THE TASK:
Of the lines in the data below, write out exactly those from the one holding "Cleveland Guardians Custom" through the one holding "Graphic of University Dome stylized", both included.

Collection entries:
------------

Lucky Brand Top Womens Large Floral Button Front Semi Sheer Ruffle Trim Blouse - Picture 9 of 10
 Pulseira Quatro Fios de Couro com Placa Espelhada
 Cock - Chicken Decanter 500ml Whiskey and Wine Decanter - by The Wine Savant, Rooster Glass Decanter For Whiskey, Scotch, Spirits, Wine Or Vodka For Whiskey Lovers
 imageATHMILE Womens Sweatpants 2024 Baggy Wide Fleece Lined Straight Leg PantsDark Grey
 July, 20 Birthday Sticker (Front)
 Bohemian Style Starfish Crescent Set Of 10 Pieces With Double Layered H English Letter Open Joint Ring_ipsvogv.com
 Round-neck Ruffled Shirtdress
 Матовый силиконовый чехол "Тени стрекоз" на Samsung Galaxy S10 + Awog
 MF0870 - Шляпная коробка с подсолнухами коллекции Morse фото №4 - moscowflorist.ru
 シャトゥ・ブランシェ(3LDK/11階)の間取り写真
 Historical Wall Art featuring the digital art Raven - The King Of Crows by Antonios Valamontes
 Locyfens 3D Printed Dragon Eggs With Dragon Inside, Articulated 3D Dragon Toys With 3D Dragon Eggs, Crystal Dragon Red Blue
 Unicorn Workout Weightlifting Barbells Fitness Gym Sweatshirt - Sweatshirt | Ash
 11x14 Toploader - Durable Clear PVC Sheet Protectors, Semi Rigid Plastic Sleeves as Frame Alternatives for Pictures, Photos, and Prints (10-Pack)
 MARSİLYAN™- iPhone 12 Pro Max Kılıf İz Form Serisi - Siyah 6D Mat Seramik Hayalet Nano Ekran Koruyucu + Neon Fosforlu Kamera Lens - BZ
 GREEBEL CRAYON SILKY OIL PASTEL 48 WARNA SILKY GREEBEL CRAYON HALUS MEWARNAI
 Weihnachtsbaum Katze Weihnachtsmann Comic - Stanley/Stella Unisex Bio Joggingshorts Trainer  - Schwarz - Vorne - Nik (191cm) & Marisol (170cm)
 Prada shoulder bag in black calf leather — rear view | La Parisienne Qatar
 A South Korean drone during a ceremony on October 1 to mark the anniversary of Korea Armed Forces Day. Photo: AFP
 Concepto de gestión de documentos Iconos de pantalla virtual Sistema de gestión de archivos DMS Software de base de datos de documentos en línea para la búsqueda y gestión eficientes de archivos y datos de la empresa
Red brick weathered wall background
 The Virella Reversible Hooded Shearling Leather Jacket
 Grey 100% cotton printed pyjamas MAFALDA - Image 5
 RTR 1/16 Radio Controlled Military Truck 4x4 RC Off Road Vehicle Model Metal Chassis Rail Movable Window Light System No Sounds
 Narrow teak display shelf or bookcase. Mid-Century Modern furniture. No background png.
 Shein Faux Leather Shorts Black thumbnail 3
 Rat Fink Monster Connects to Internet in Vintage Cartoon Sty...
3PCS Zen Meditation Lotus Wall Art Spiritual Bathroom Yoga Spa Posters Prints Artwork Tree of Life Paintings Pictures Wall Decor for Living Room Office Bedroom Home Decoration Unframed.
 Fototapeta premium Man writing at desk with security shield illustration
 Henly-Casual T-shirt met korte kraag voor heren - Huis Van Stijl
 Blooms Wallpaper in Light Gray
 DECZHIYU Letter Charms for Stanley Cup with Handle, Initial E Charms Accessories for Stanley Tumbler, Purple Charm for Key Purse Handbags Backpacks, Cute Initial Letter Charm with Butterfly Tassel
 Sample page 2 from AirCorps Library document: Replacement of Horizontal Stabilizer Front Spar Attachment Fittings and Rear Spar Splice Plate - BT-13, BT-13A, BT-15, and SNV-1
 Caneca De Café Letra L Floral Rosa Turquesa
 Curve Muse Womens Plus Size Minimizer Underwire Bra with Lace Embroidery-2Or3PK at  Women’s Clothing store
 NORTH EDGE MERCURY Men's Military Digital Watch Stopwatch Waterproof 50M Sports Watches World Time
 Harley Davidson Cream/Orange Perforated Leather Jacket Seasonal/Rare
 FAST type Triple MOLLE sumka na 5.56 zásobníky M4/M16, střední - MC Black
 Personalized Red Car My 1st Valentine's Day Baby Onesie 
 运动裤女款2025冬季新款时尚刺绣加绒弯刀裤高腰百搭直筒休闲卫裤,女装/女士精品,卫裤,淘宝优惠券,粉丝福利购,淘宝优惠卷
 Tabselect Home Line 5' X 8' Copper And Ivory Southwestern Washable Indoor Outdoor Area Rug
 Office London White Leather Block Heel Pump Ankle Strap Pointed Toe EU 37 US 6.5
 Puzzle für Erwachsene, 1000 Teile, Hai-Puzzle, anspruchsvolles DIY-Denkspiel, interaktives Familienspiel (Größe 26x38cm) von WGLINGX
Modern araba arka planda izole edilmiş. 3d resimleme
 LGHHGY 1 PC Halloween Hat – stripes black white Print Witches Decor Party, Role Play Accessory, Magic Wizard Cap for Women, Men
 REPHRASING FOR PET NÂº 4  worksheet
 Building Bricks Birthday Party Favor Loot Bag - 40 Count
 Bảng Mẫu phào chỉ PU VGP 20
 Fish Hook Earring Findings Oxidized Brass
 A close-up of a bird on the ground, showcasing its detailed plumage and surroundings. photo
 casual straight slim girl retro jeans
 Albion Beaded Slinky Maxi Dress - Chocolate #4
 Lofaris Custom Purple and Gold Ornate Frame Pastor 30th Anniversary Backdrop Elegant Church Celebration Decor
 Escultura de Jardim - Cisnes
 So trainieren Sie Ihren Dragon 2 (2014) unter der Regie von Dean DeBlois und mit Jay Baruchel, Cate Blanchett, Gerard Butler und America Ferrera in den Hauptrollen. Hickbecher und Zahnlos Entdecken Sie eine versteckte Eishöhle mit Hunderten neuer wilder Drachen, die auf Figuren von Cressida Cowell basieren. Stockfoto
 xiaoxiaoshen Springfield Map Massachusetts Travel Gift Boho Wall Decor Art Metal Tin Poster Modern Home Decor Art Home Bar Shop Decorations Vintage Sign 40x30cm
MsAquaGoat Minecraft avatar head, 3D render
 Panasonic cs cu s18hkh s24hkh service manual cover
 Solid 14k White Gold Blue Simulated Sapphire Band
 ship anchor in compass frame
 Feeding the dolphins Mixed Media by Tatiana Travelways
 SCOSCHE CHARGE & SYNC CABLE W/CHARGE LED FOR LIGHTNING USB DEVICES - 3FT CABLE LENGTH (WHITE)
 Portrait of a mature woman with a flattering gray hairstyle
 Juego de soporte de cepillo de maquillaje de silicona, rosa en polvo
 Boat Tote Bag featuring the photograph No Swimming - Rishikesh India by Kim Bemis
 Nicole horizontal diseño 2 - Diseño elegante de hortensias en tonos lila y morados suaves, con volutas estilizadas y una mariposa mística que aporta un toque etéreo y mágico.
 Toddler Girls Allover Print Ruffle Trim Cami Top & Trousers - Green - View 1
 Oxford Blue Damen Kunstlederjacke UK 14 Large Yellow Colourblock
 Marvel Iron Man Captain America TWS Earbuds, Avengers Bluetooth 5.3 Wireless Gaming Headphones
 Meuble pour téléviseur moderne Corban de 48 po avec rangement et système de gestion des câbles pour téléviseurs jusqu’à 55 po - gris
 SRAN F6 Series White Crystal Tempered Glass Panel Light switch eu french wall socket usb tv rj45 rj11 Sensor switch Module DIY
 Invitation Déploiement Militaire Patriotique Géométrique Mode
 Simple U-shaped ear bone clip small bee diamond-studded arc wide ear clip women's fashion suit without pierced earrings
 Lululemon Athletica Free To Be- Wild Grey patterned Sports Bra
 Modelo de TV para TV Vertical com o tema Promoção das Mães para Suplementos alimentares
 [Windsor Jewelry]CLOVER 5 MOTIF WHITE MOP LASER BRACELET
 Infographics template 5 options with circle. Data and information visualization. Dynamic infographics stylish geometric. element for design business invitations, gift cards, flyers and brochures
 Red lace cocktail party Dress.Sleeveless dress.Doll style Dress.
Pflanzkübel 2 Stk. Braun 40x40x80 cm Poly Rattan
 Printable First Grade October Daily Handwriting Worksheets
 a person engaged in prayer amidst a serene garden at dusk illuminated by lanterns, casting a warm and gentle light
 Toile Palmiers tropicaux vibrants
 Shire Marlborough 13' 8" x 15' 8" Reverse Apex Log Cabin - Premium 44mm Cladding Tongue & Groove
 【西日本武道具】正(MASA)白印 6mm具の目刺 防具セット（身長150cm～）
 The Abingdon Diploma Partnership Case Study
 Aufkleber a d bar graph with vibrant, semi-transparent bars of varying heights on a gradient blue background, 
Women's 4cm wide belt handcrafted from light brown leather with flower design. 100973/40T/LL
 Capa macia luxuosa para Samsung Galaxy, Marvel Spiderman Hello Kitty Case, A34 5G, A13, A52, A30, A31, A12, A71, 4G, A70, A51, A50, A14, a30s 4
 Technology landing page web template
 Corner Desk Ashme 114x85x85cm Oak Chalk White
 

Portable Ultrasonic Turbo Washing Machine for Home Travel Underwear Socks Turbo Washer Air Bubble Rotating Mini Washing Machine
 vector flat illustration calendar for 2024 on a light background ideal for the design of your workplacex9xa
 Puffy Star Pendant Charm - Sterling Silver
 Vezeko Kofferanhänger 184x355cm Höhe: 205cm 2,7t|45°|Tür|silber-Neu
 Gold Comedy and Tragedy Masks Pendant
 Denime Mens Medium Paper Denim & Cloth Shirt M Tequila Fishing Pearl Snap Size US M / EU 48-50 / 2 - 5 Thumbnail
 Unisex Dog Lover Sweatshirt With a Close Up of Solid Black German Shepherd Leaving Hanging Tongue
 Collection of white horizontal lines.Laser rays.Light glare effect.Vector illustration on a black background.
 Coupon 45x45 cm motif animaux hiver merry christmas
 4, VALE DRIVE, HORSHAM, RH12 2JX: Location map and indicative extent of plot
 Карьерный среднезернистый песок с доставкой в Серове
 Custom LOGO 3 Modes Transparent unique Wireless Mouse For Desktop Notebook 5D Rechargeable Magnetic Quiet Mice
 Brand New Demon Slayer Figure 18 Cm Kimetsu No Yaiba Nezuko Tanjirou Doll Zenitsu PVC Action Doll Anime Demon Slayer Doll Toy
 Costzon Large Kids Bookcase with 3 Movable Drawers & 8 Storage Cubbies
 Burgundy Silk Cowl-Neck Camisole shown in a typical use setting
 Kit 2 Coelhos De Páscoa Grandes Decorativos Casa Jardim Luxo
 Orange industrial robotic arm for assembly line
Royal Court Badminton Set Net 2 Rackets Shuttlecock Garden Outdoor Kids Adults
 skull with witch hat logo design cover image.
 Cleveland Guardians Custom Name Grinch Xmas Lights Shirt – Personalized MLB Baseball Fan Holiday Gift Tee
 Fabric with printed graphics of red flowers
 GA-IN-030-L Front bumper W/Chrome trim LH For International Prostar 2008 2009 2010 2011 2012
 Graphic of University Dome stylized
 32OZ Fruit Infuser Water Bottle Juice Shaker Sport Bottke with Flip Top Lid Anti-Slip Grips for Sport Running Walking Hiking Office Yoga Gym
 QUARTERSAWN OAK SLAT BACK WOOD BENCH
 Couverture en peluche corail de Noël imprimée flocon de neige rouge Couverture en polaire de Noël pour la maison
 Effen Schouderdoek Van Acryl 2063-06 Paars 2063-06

------------

RESPONSE TO THIS TASK:
 Cleveland Guardians Custom Name Grinch Xmas Lights Shirt – Personalized MLB Baseball Fan Holiday Gift Tee
 Fabric with printed graphics of red flowers
 GA-IN-030-L Front bumper W/Chrome trim LH For International Prostar 2008 2009 2010 2011 2012
 Graphic of University Dome stylized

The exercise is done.